Gambar Skema blok diagram dome pegunungan Kulonprogo, yang digambarkan Van Bemmelen (1945, hal.596)
Pada kaki selatan gunung Menoreh dijumpai adanya sinklinal dan sebuah sesar dengan arah barat-timur, yang memisahkan gunung Menoreh dengan gunung ijo serta pada sekitar zona sesar.
II.4
Stratigrafi Lokal
Secara stratigrafi, urutan satuan batuan dari tua ke muda menurut penamaan litostratifrafi menurut Van Bemmmelen (1949, hal.598) adalah: 1. Formasi Kaligesing
Lokasi formasi ini terletak pada daerah Giripurwo. Batuan penyusunnya terdiri dari breksi. 2. Formasi Dukuh
Lokasi formasi ini terletak pada daerah Tanjungharjo. Batuan penyusunnya terdiri dari batupasir. Formasi Dukuh selaras di atas Formasi Kaligesing.
II.5
Struktur Geologi Lokal
Gejala struktur geologi yang berkembang di daerah Grigak dan sekitarnya, Kabupaten Kulonprogo, tidak terlepas dari tatanan tektonik pulau Jawa. Dampak pergerakan lempeng dalam kurun geologi yang panjang itu telah menimbulkan terjadinya banyak sesar. Pada singkapan-singkapan itu diperkirakan terdapat sesar turun dengan arah barat laut tenggara serta sesar mendatar dengan arah barat timur.
II.5
Geomorfologi Lokal •
Satuan Geomorfik Dataran Aluvial
Satuan ini merupakan dataran dengan morfometri landai dengan luasan 50 %. Satuan ini memiliki resistensi lemah dengan proses eksogen yang berupa erosi dan pelapukan. •
Satuan Geomorfik Perbukitan Homoklin
Satuan ini merupakan perbukitan dengan morfometri curam dengan luasan 35 %. Satuan ini memiliki resistensi kuat dengan proses eksogen yang berupa erosi dan pelapukan . •
Satuan Geomorfik Lembah Homoklin
Satuan ini merupakan lereng dengan morfometri curam dengan luasan 15%. Satuan ini memilkik resistensi kuat dengan proses eksogen yang berupa erosi dan pelapukan. •
Satuan Geomorfik Tubuh Sungai
Satuan ini merupakan dataran dengan morfometri datar dengan luasan 4 %. Satuan ini memiliki resistensi lemah dengan proses eksogen berupa erosi. •
Satuan Geomorfik Gosong Sungai
Satuan ini merupakan dataran dengan morfometri datar dengan luasan 1%. Satuan ini memiliki resistensi lemah dengan proses eksogen berupa erosi.
BAB III KESIMPULAN
Berdasarkan hasil interpretasi geomorfologi dan geologi, maka pada daerah telitian dapat disimpulkan sebagai berikut: 1.
Daerah telitian secara geomorfologi dapat dibagi menjadi 2 bentuk asal, yaitu bentuk asal Fluvial yang terdiri dari satuan geomorfik fluvial yaitu terdiri dari satuan geomorfik dataran aluvial, satuan geomorfik tubuh sungai, satuan geomorfik gosong sungai, serta bentuk asal Struktural yang terdiri dari satuan geomorfik perbukitan homoklin, serta satuan geomorfik lembah homoklin
2.
Stratigrafi dapat dibagi menjadi 2 satuan batuan, berturut-turut dari tua ke muda yaitu Satuan breksi dan Satuan batupasir, di mana keduanya secara berurutan merupakan bagian dari Formasi Kaligesing dan Formasi Dukuh.

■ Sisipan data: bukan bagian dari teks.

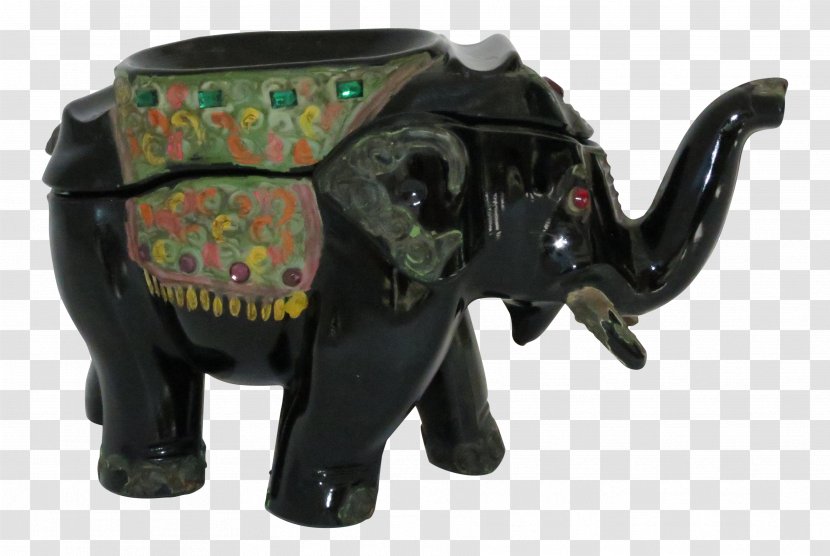 Cigarette Holders Indian Elephant African Case - Hand Painted Glass Transparent PNG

Formasi Kaligesing dan Formasi Dukuh memiliki hubungan selaras, namun formasi dukuh tidak selaras dengan soil yang berada diatasnya.
3.
Gejala struktur geologi yang berkembang di daerah Grigak ini diperkirakan berupa sesar turun dengan arah tenggara baratlaut serta sesar mendatar dengan arah barat timur.